▶ _What you should do_
The reply should hold only the lines from the one with "Bendy Demon" to the one with "Crocs Unisex Mellow Slide - Image 4", both ends kept, exactly as they appear below, without any pictures.

====

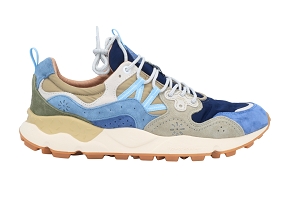  YAMANO 3 HOM 1201<br>Bleu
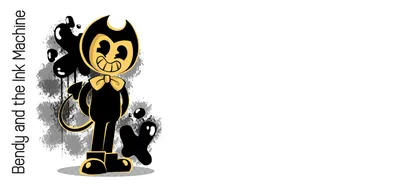 Bendy Demon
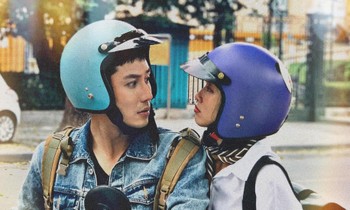 Vì sao Thanh Sơn bỗng dưng ngừng đăng hình phim "11 Tháng 5 Ngày" lên trang cá nhân?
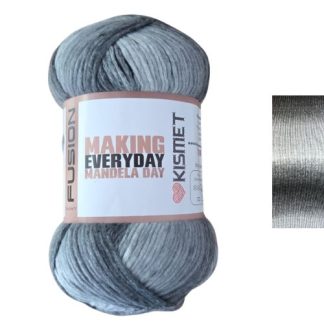 67 Blankets Fusion - Colour F06 - Polar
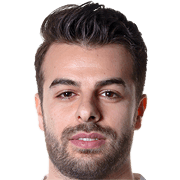 Christer Youssef fm 2019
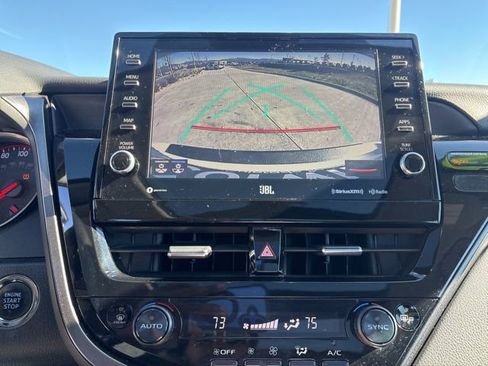 Used 2022 Toyota Camry XSE image 22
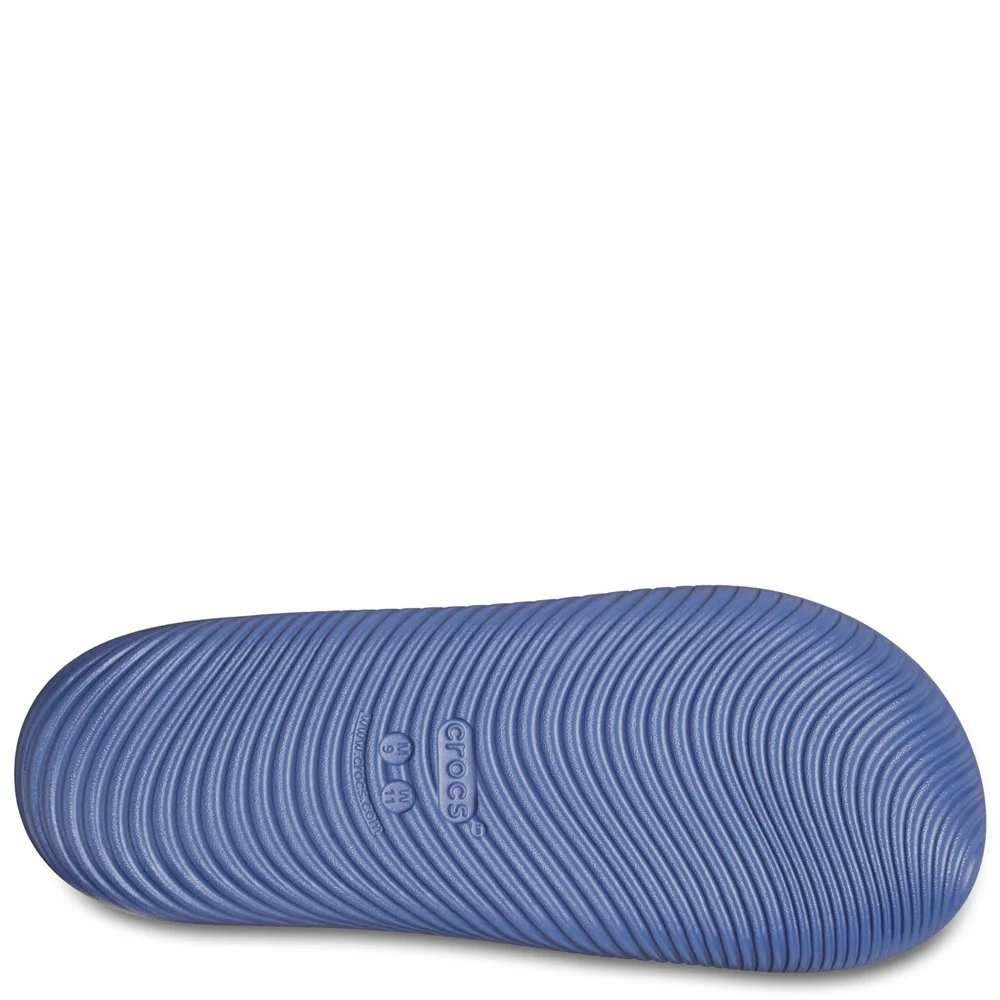 Crocs Unisex Mellow Slide - Image 4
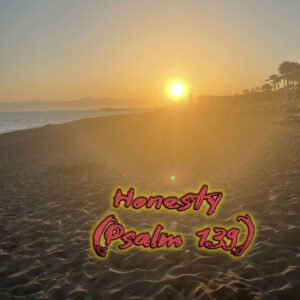 Fiona Amaka emociona con su sencillo “Honesty (Psalm 139)”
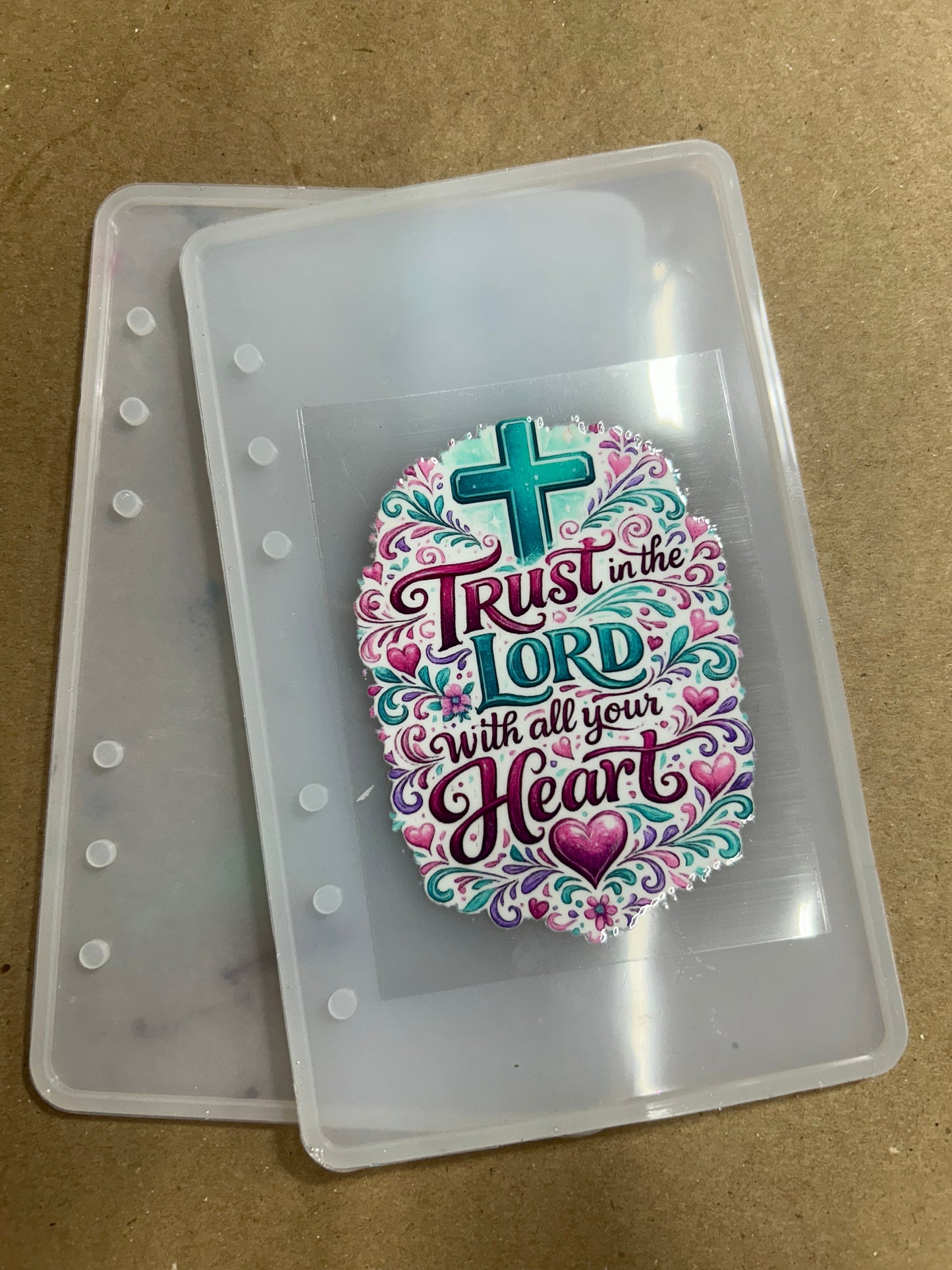 A5 Journal Notebook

====

▶ _Response to this task_
 Bendy Demon
 Vì sao Thanh Sơn bỗng dưng ngừng đăng hình phim "11 Tháng 5 Ngày" lên trang cá nhân?
 67 Blankets Fusion - Colour F06 - Polar
 Christer Youssef fm 2019
 Used 2022 Toyota Camry XSE image 22
 Crocs Unisex Mellow Slide - Image 4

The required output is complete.